- _Task brief_
Begin at the line below that has "Inspection d'une jeep détruite". Stop after the line that has "Złota bransoletka damska", repeating each line exactly and leaving out the pictures.

------ Dataset

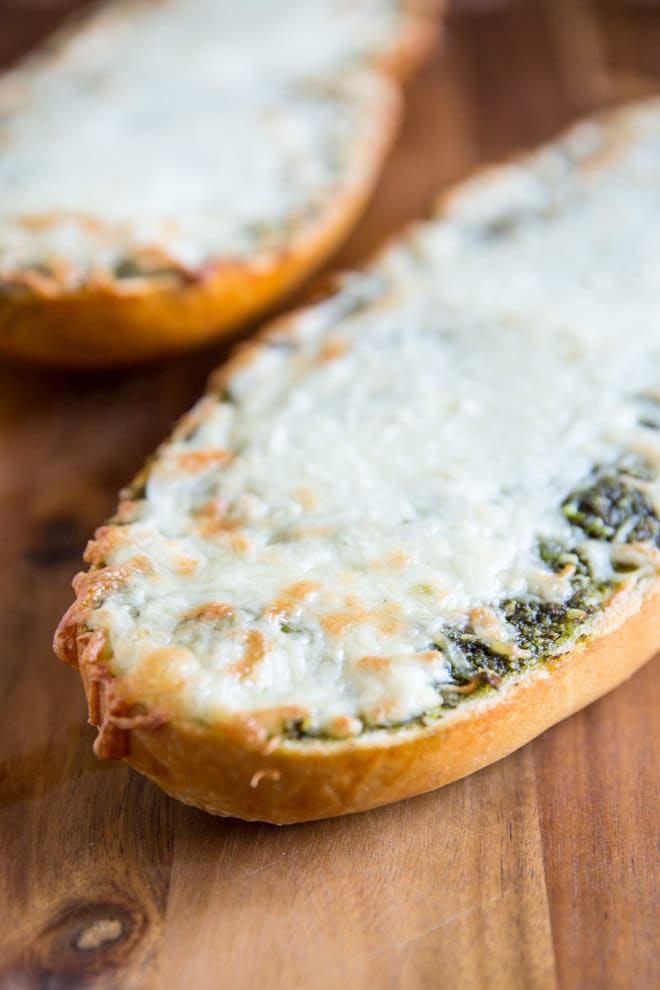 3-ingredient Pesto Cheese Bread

------------
------ Dataset

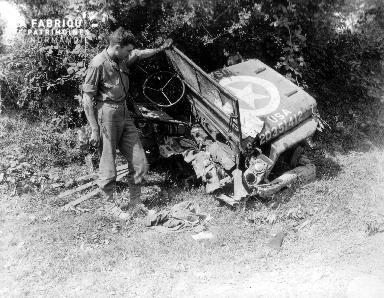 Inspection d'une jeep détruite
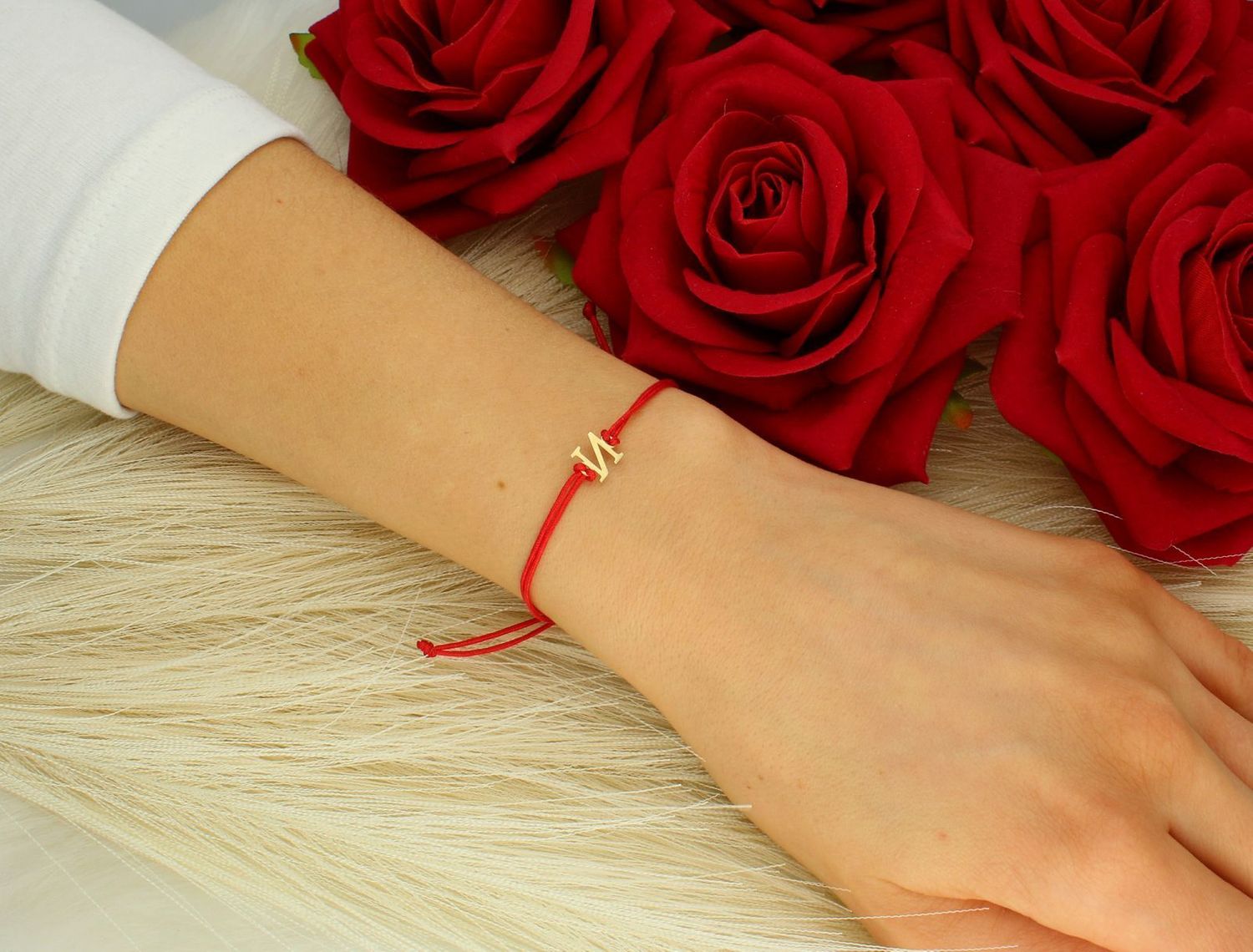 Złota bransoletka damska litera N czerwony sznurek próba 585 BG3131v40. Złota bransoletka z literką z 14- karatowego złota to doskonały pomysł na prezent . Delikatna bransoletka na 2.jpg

------------

- _Exercise solution_
 Inspection d'une jeep détruite
 Złota bransoletka damska litera N czerwony sznurek próba 585 BG3131v40. Złota bransoletka z literką z 14- karatowego złota to doskonały pomysł na prezent . Delikatna bransoletka na 2.jpg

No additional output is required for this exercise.